Task —
Restate word for word the lines in the listing below, starting at the line containing "BLEACHED MID-RISE RELAXED JEANS" and ending at the line containing "Solara Plafonnier Tissu", both included; leave out the rest.

Source data —
****

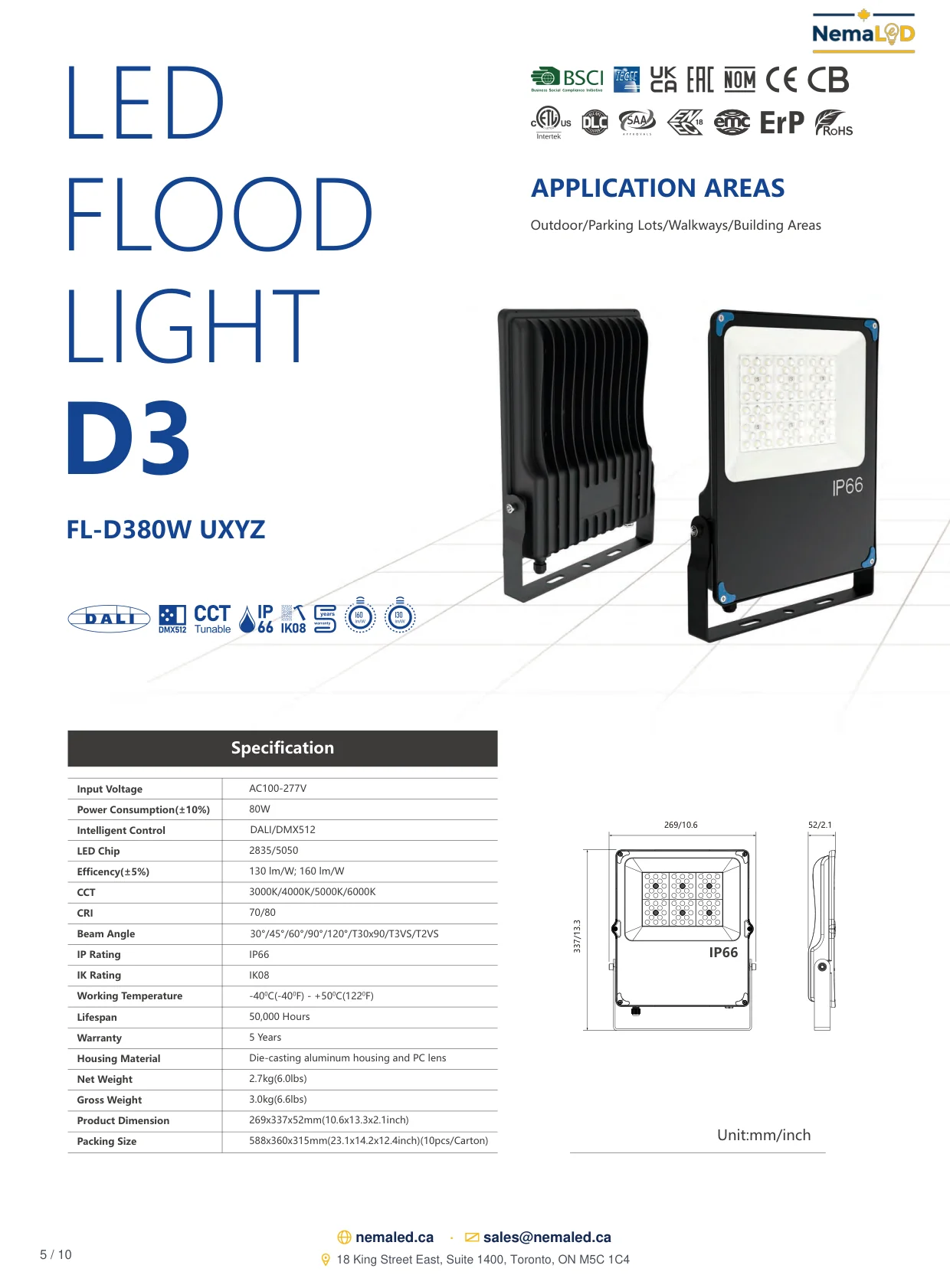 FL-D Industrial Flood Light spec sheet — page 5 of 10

****

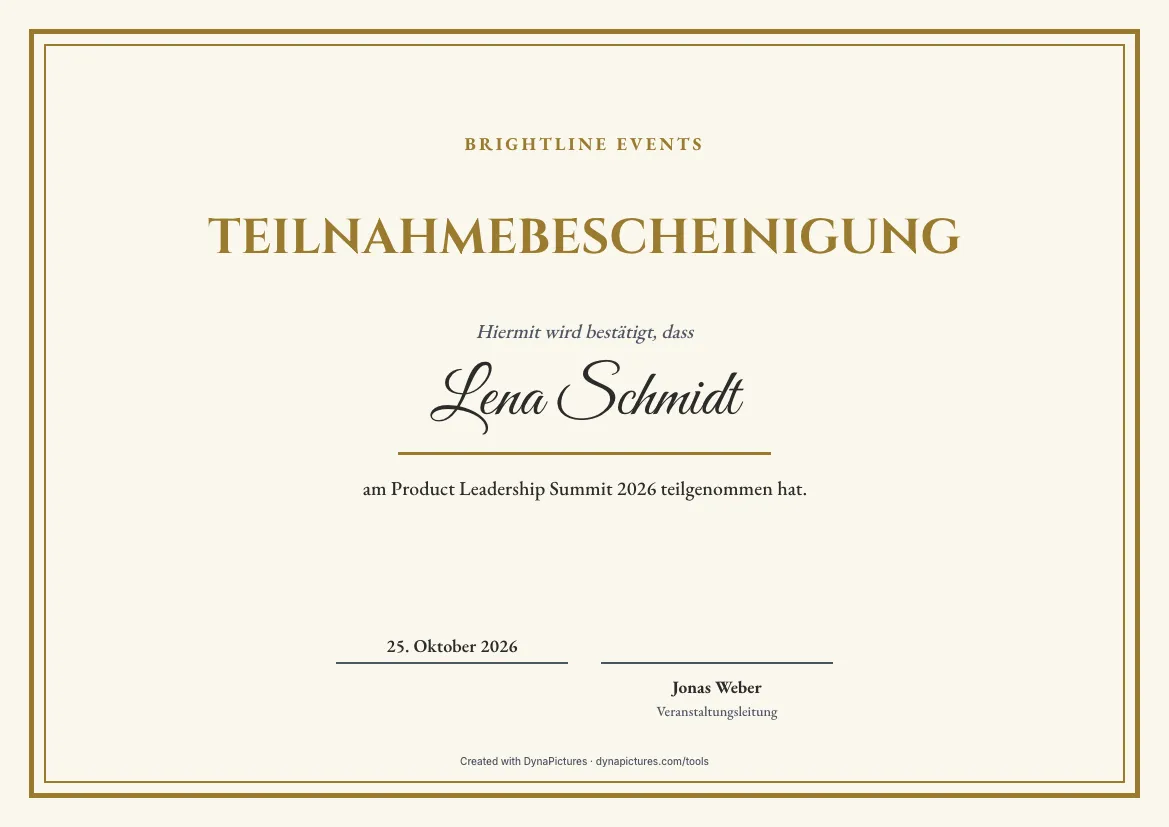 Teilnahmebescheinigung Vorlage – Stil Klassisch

****

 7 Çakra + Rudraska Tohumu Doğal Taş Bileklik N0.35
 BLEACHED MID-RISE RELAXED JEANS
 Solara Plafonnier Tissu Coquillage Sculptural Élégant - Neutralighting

****

Exercise result —
 BLEACHED MID-RISE RELAXED JEANS
 Solara Plafonnier Tissu Coquillage Sculptural Élégant - Neutralighting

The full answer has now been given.